** Exercise goal **
Line by line, copy the listing below exactly.

** Provided entries **
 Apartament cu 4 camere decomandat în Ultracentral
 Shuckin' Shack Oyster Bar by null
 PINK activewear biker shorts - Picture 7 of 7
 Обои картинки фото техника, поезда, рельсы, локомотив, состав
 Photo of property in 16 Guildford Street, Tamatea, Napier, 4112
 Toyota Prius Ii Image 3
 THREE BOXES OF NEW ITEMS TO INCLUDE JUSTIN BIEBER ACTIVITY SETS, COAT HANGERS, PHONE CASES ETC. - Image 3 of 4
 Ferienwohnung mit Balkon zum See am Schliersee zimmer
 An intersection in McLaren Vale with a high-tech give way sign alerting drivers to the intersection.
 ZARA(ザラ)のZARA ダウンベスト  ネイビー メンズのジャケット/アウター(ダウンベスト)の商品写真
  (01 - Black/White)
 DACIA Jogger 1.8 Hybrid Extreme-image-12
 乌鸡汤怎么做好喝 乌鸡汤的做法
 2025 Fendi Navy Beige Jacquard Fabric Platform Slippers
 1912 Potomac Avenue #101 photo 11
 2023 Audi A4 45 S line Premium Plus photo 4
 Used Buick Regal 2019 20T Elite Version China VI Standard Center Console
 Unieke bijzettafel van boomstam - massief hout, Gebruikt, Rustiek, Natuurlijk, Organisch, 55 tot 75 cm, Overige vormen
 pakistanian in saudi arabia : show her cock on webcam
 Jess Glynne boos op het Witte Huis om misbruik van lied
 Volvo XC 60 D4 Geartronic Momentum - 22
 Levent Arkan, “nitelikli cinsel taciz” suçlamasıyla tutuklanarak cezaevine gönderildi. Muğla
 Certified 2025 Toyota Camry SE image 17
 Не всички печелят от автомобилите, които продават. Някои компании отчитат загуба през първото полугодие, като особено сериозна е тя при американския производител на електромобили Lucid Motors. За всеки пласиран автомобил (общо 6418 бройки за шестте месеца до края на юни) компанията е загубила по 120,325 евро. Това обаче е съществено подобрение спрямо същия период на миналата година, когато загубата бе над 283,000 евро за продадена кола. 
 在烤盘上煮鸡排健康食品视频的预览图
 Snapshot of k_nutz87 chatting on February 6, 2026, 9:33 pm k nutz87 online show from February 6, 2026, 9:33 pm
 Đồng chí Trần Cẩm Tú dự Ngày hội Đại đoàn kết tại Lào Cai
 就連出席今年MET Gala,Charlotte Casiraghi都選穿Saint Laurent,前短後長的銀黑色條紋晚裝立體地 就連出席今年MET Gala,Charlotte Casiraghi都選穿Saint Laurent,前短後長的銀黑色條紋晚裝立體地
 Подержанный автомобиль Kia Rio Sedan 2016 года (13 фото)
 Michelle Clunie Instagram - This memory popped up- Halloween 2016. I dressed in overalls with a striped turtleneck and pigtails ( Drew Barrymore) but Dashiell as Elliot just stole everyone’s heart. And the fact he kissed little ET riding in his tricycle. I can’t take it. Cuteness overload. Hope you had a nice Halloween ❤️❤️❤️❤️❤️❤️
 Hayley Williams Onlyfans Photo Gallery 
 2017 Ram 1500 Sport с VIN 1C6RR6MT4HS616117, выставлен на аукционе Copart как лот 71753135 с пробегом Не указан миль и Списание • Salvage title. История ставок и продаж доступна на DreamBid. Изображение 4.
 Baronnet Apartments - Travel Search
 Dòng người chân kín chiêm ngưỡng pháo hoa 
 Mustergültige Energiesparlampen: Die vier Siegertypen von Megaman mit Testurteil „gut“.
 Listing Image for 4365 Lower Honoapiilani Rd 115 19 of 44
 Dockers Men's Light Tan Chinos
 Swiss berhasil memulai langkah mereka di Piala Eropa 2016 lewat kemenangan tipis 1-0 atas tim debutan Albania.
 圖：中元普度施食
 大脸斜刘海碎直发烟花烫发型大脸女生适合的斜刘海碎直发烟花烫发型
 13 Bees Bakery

** Written solution **
 Apartament cu 4 camere decomandat în Ultracentral
 Shuckin' Shack Oyster Bar by null
 PINK activewear biker shorts - Picture 7 of 7
 Обои картинки фото техника, поезда, рельсы, локомотив, состав
 Photo of property in 16 Guildford Street, Tamatea, Napier, 4112
 Toyota Prius Ii Image 3
 THREE BOXES OF NEW ITEMS TO INCLUDE JUSTIN BIEBER ACTIVITY SETS, COAT HANGERS, PHONE CASES ETC. - Image 3 of 4
 Ferienwohnung mit Balkon zum See am Schliersee zimmer
 An intersection in McLaren Vale with a high-tech give way sign alerting drivers to the intersection.
 ZARA(ザラ)のZARA ダウンベスト  ネイビー メンズのジャケット/アウター(ダウンベスト)の商品写真
  (01 - Black/White)
 DACIA Jogger 1.8 Hybrid Extreme-image-12
 乌鸡汤怎么做好喝 乌鸡汤的做法
 2025 Fendi Navy Beige Jacquard Fabric Platform Slippers
 1912 Potomac Avenue #101 photo 11
 2023 Audi A4 45 S line Premium Plus photo 4
 Used Buick Regal 2019 20T Elite Version China VI Standard Center Console
 Unieke bijzettafel van boomstam - massief hout, Gebruikt, Rustiek, Natuurlijk, Organisch, 55 tot 75 cm, Overige vormen
 pakistanian in saudi arabia : show her cock on webcam
 Jess Glynne boos op het Witte Huis om misbruik van lied
 Volvo XC 60 D4 Geartronic Momentum - 22
 Levent Arkan, “nitelikli cinsel taciz” suçlamasıyla tutuklanarak cezaevine gönderildi. Muğla
 Certified 2025 Toyota Camry SE image 17
 Не всички печелят от автомобилите, които продават. Някои компании отчитат загуба през първото полугодие, като особено сериозна е тя при американския производител на електромобили Lucid Motors. За всеки пласиран автомобил (общо 6418 бройки за шестте месеца до края на юни) компанията е загубила по 120,325 евро. Това обаче е съществено подобрение спрямо същия период на миналата година, когато загубата бе над 283,000 евро за продадена кола. 
 在烤盘上煮鸡排健康食品视频的预览图
 Snapshot of k_nutz87 chatting on February 6, 2026, 9:33 pm k nutz87 online show from February 6, 2026, 9:33 pm
 Đồng chí Trần Cẩm Tú dự Ngày hội Đại đoàn kết tại Lào Cai
 就連出席今年MET Gala,Charlotte Casiraghi都選穿Saint Laurent,前短後長的銀黑色條紋晚裝立體地 就連出席今年MET Gala,Charlotte Casiraghi都選穿Saint Laurent,前短後長的銀黑色條紋晚裝立體地
 Подержанный автомобиль Kia Rio Sedan 2016 года (13 фото)
 Michelle Clunie Instagram - This memory popped up- Halloween 2016. I dressed in overalls with a striped turtleneck and pigtails ( Drew Barrymore) but Dashiell as Elliot just stole everyone’s heart. And the fact he kissed little ET riding in his tricycle. I can’t take it. Cuteness overload. Hope you had a nice Halloween ❤️❤️❤️❤️❤️❤️
 Hayley Williams Onlyfans Photo Gallery 
 2017 Ram 1500 Sport с VIN 1C6RR6MT4HS616117, выставлен на аукционе Copart как лот 71753135 с пробегом Не указан миль и Списание • Salvage title. История ставок и продаж доступна на DreamBid. Изображение 4.
 Baronnet Apartments - Travel Search
 Dòng người chân kín chiêm ngưỡng pháo hoa 
 Mustergültige Energiesparlampen: Die vier Siegertypen von Megaman mit Testurteil „gut“.
 Listing Image for 4365 Lower Honoapiilani Rd 115 19 of 44
 Dockers Men's Light Tan Chinos
 Swiss berhasil memulai langkah mereka di Piala Eropa 2016 lewat kemenangan tipis 1-0 atas tim debutan Albania.
 圖：中元普度施食
 大脸斜刘海碎直发烟花烫发型大脸女生适合的斜刘海碎直发烟花烫发型
 13 Bees Bakery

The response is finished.